Einem Teil dieses Mülls wollen Aktivisten mit einer Upcycling-Idee der besonderen Art beikommen. Aus Fruchtabfällen stellt die Gruppe crEATe Fruchtleder her – und daraus unterschiedliche Produkte, zum Beispiel Taschen und Lampenschirme, um der Welt zu zeigen: Fruchtabfälle lassen sich weiterverarbeiten!

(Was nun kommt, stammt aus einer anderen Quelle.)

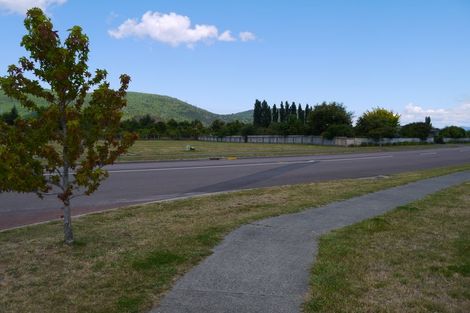 Photo of property in 140 Lisland Drive, Kinloch, Taupo, 3377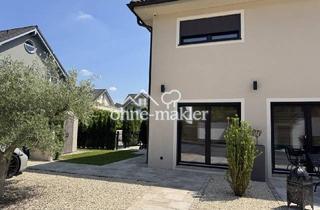 Doppelhaushälfte kaufen in 51503 Rösrath, Exklusive mediterrane Doppelhaushälfte mit Pool neuwertig in Rösrath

Entkernen, stampfen, kochen, ausrollen

Hugo de Boon ist einer von ihnen. Mit fünf Kommilitonen hat der 21-Jährige crEATe gegründet und das Projekt "Fruitleather Roterdam" gestartet. "Von unserer Uni aus hatten wir einen guten Blick auf die Binnenrotte und haben natürlich auch den ganzen Müll gesehen", erzählt der Spatial Designer. "Nach mehreren Tagen Brainstorming sind wir auf die Idee gekommen, Fruchtleder herzustellen und damit den vielen Abfall sinnvoll weiterzuverarbeiten."

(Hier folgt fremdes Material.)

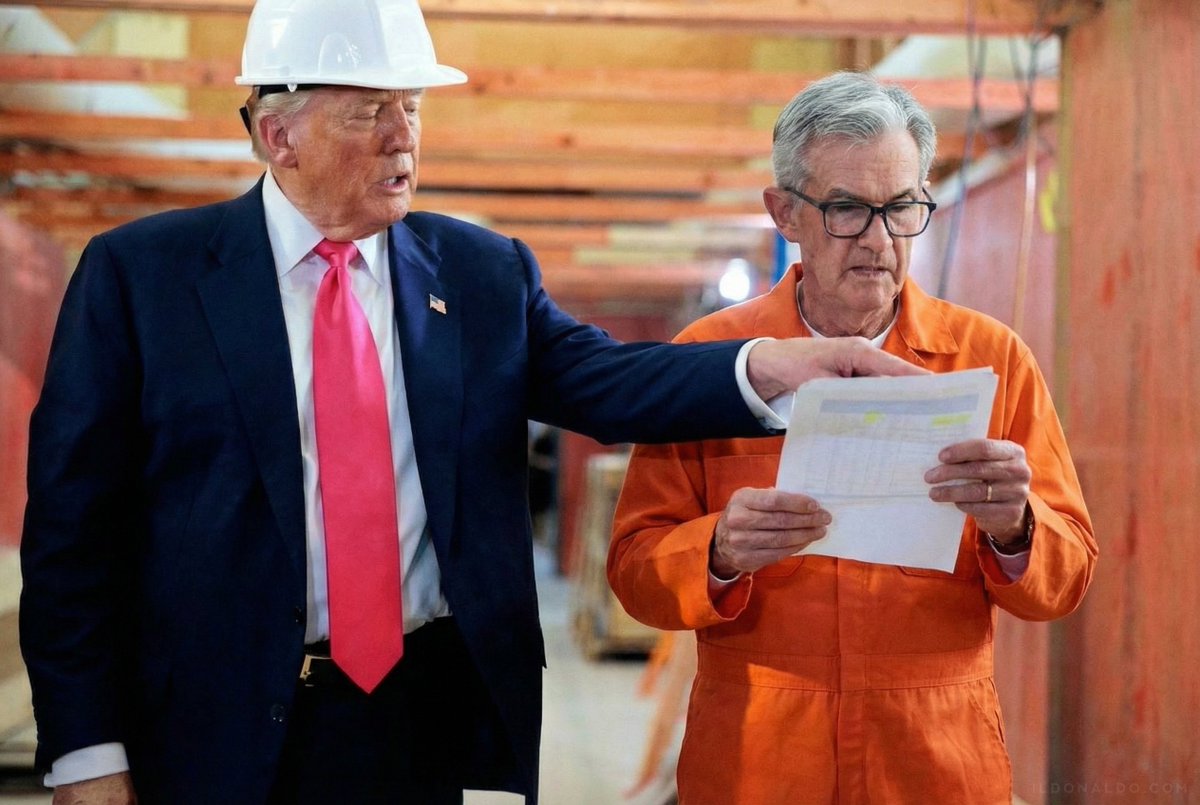 PapiTrumpo's tweet image. "Your cellmate's name is Puffy. Nice guy. Seems to like baby oil for some reason..."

Um die zähe Masse zu produzieren, sammeln die Studenten zunächst den vermeintlichen Abfall der Marktleute ein. Anschließend werden die Früchte

  • entkernt
  • zerstampft
  • gekocht, um sämtliche Bakterien abzutöten
  • wie Teig ausgerollt
  • und getrocknet.

Das dauere mehrere Tage, sagt de Boon, je nachdem, wieviel Masse produziert werden soll. Einen detaillierteren Einblick in die Rezeptur des Leders will er nicht geben. Im Netz finden sich zwar viele Rezepte für Fruchtleder, das soll dann aber auch gegessen und nicht zu langlebigen Produkten geformt werden. Wie das genau geht? "Das ist unser Gruppengeheimnis."

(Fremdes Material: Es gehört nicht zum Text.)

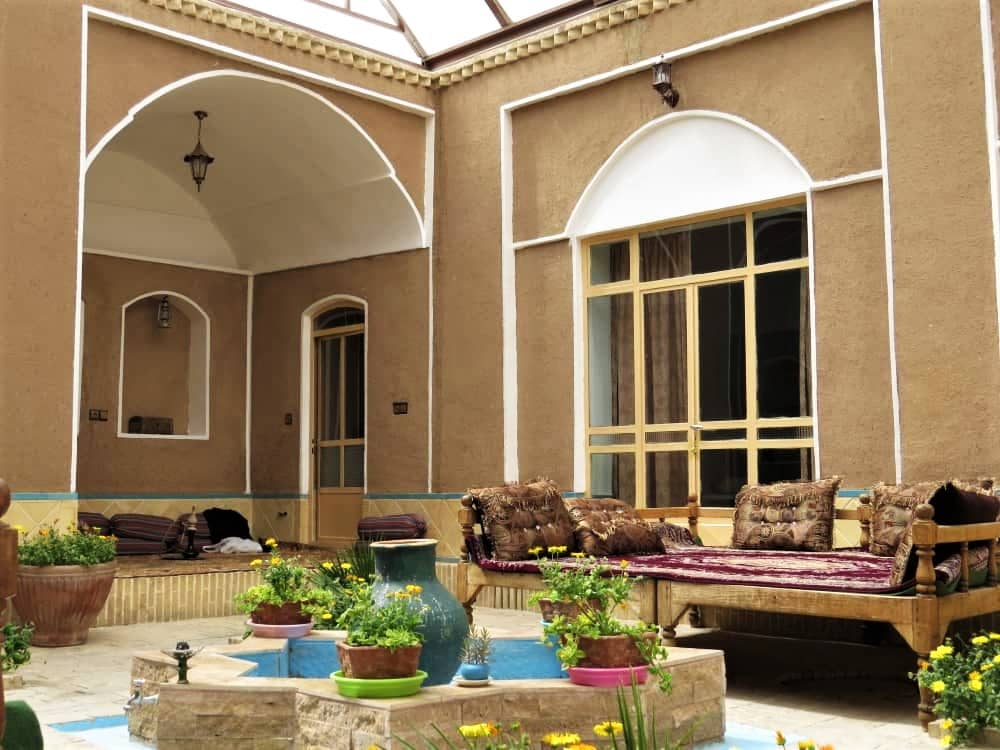 اجاره اتاق بومگردی دوتخته در بهشتی ورزنه-اتاق یک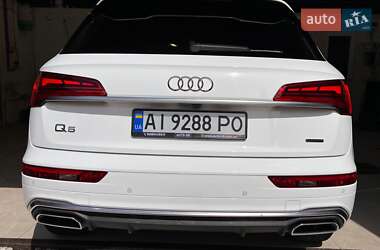Позашляховик / Кросовер Audi Q5 2022 в 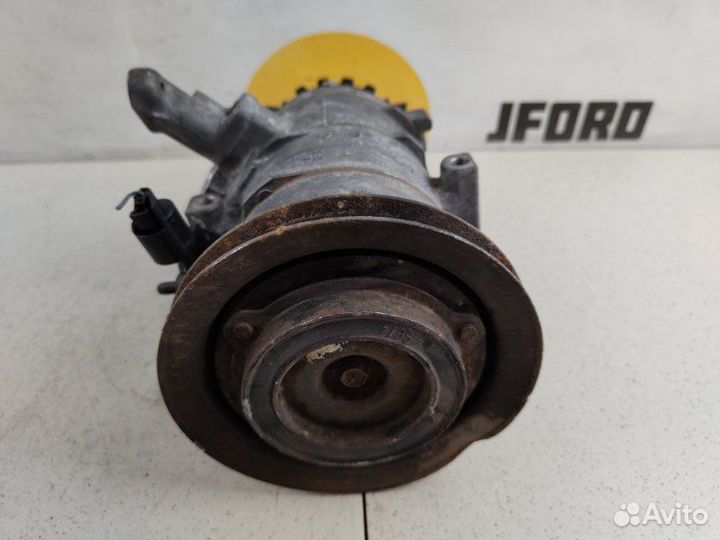 Компрессор кондиционера Mitsubishi Pajero 3 V64W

Wasser ist der Feind Nummer eins des Materials

Erste Produkte hat das Kollektiv zwar bereits vorgestellt. Die perfekte Rezeptur für ihr Material hat das crEATe-Team allerdings noch nicht gefunden. "Zurzeit experimentieren wir mit so vielen verschiedenen Sorten von Früchten wie möglich", erklärt de Boon. "Fruchtleder kann man aus so gut wie allen Früchten herstellen, aber mit manchen erzielen wir ein besseres Ergebnis als mit anderen." Eine Mango mache ihren Job besser als eine Wassermelone. Einmal hat das Team fast 2000 Nektarinen ausgepresst, um enttäuscht festzustellen, dass man daraus nicht viel Fruchtleder gewinnen kann.

Auch an der Haltbarkeit des Materials tüfteln die Studenten noch. "Im Moment ist Wasser der Feind Nummer eins unseres Materials", sagt de Boon. Handtaschen seien noch nicht widerstandsfähig genug. Dennoch: Die Idee komme gut an. "Die Händler müssen ihren Müll nicht mehr illegal loswerden, die Stadt muss nicht mehr so viel reinigen", resümiert de Boon. Und für die Zukunft gibt es auch schon einen Plan: "Langfristig könnte Fruchtleder sogar ein Ersatz für echtes Leder werden, wodurch weniger Tiere getötet werden müssten."